In a traditional 4D CT DIR setting, the reference image is considered the fixed image, $I_\text {ref}\equiv I_\text {F}$, and the phase images as moving images, $I_i\equiv I_\text {M}$, which are sequentially registered to $I_\text {F}$ by $\varphi _i = \arg \min _{\varphi _i^*\in \mathcal {C}^2[\varOmega ]} \mathcal {J}\left[ I_\text {F},I_\text {M};\varphi _i^*\right] $ to compute the sought transformations $\left( \varphi _i\right) _{i\in \{1,\dots ,n_\text {ph}\}}$. The exact functional $\mathcal {J}$, i.e. dissimilarity measure, applied regularization approach and considered transformation model, and the optimization strategy vary in the community; see [9] for details.
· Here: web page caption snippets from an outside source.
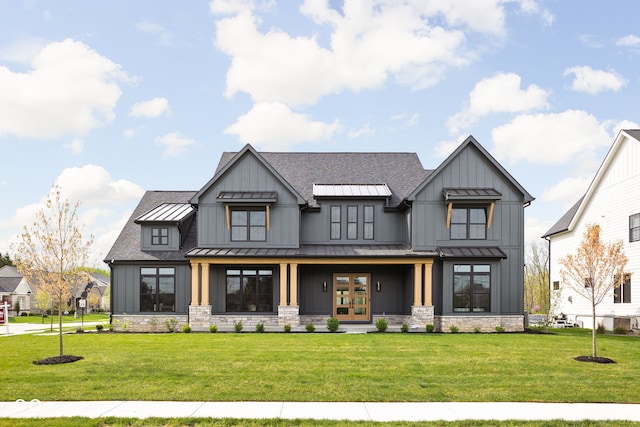 view of front of property with french doors and a front yard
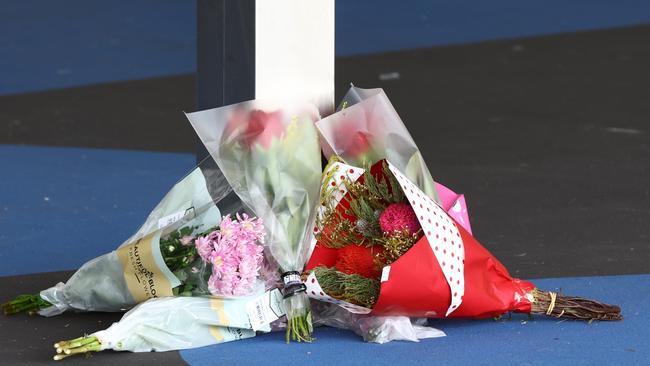 Flowers left at the scene Sunday morning. Picture Lachie Millard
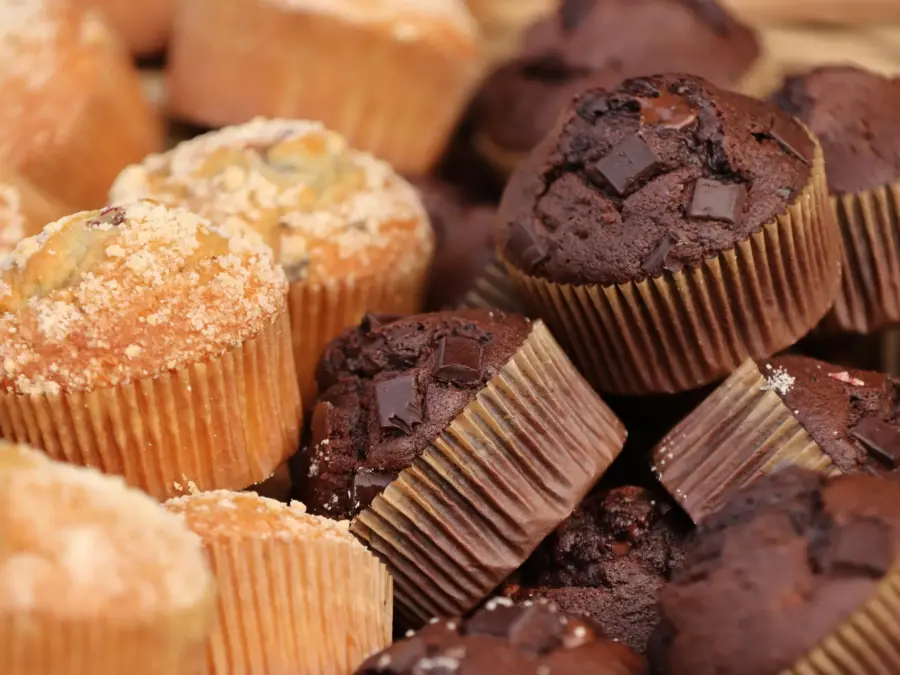 Corn and chocolate muffins in paper wrappers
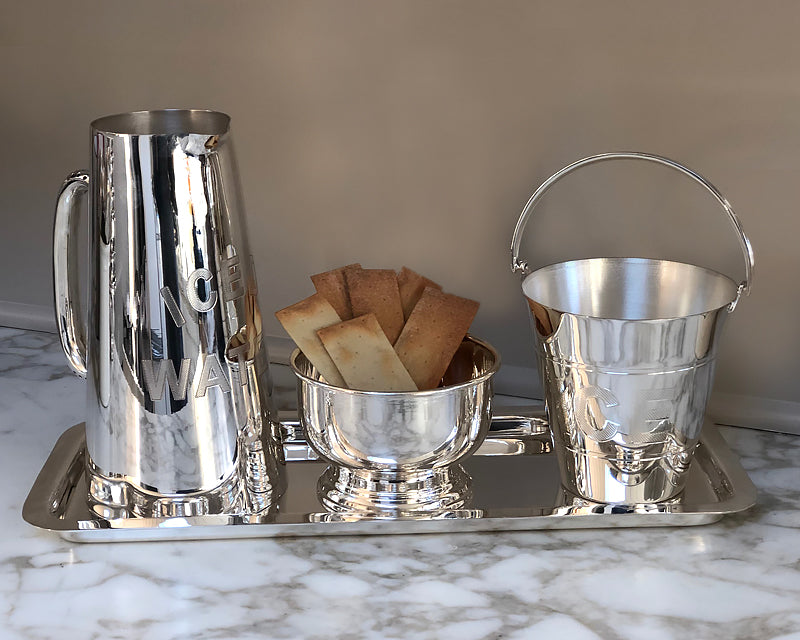Silver cold drink pitcher, ice pail, and pedestal bowl from the HÔTEL Silver collection 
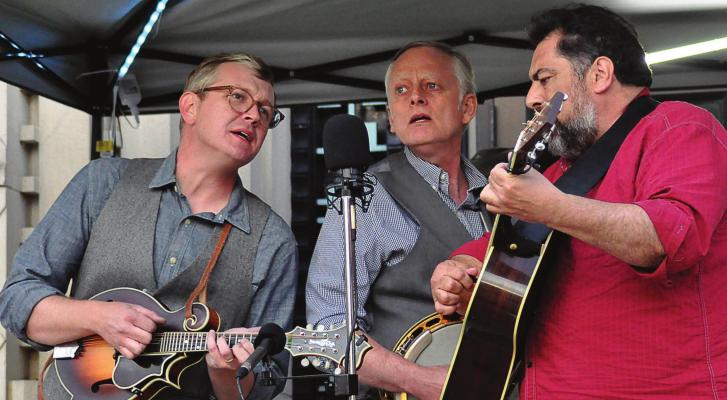 UNITING in harmony, from left, are Brian McCarty; Excelsior Springs native Todd Davis; and Greg Blake. They sing tight as the Greg Blake Hometown Band performs at the Hall of Waters.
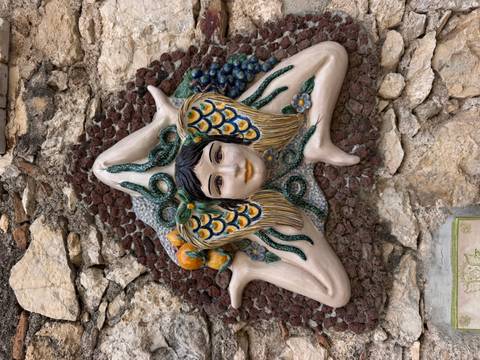 Close-up ceramic relief of the Sicilian Trinacria symbol embedded in a rustic stone wall.
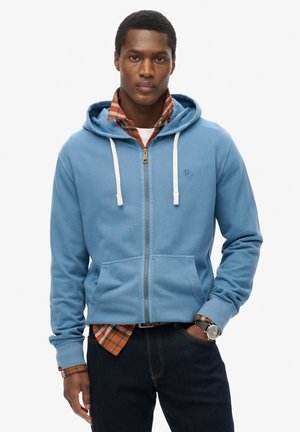 Haut à zip bleu avec des cordons blancs, poches avant et texture douce, porté sur une chemise à carreaux et associé à un jean foncé.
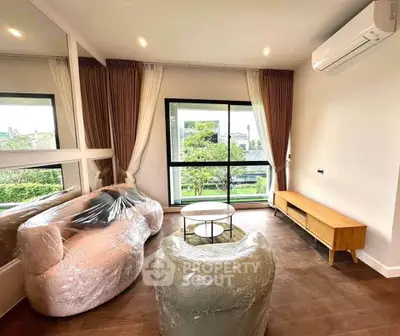 Modern living room with large window and air conditioning, featuring stylish furniture and garden view.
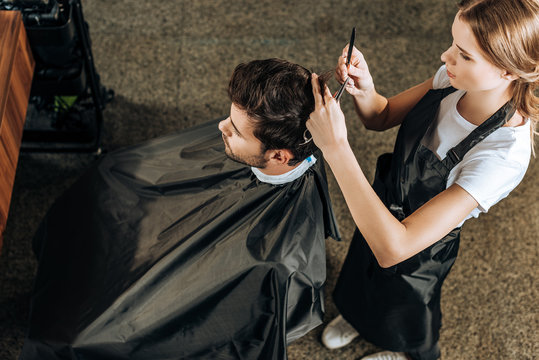 high angle view of hairstylist cutting hair to handsome young man in beauty salon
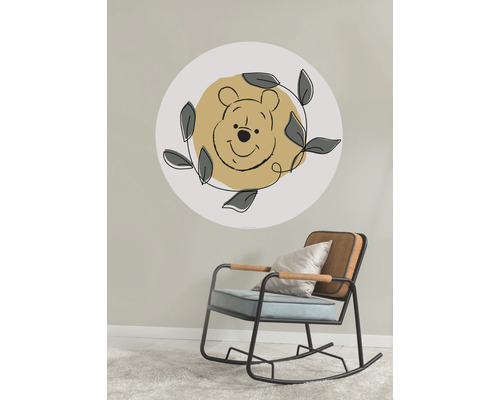 Nalle Puh väggdekal ovanför en gungstol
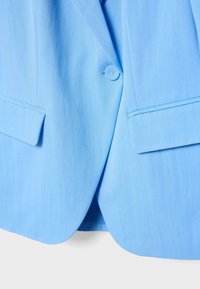 Light blue blazer with a single button closure and two flap pockets on the front, shown from the waist down.
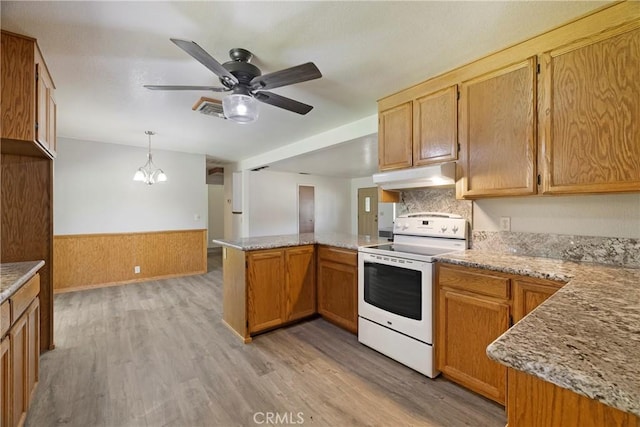 8140 Sherwood Blvd, Los Molinos, CA 96055 - kitchen with white range with electric cooktop, under cabinet range hood, a peninsula, ceiling fan, and a wainscoted wall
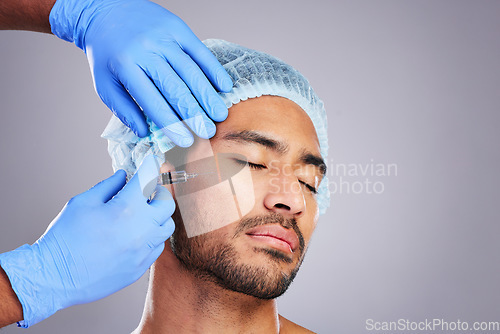 Image of Hands, aesthetic and plastic surgery with a man in studio on a gray background for silicon injection. Facial, beauty or transformation with a male customer in a clinic for antiaging filler or implant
2.2 Convolutional Neural Networks (CNNs) for DIR

Different to traditional DIR, we now assume a database of $n_\text {pat}$ training tuples $\left( I_i^p,I_j^p,\varphi _{ij}^p\right) $, $i,j\in \{1,\dots ,n_\text {ph}\}$, $p\in \{1,\dots ,n_\text {pat}\}$ to be given; $\varphi _{ij}^p = id + u_{ij}^p$ represents a DIR result of the phase images $I_i\equiv I_\text {F}$ and $I_j$ of patient p. The goal is to learn the relationship between the input data $\left( I_i^p,I_j^p\right) $ and $u_{ij}^p$ by a convolutional neural network.

As noted by Uzunova et al. [6], it is currently computationally not feasible to directly feed the entire images and vector fields into a CNN or GPU memory. Instead, we propose a slab-based approach: Let $I|_{\hat{x}}:=I|_{\varOmega _{\hat{x}}}$ be the restriction of image I to $\varOmega _{\hat{x}}=\{\left( x,y,z\right) \in \varOmega \ | \ x={\hat{x}}\}$, i.e. the sagittal slice of I at x-position $\hat{x}$. Similarly, let $I|_{[\hat{x}_1,\hat{x}_2]}$ be the restriction of I to $\varOmega _{[\hat{x}_1,\hat{x}_2]}=\{\left( x,y,z\right) \in \varOmega \ | \ \hat{x}_1\le x \le \hat{x}_2\}$, i.e. an image slab comprising the sagittal slices $\hat{x}_1,\dots ,\hat{x}_2$ of I. Using this notation, the aforementioned training tuples were converted to slab-based training samples $\left( I_i^p|_{[x-2,x+2]},I_j^p|_{[x-2,x+2]},u_{ij}^p|_x\right) $ with $x\in \{x_{\min },\dots ,x_{\max }\}$ covering all sagittal slices of I. The rationale was to represent maximum information along main motion directions inferior-superior and anterior-posterior for each training sample, but also to provide some anatomical context in lateral direction.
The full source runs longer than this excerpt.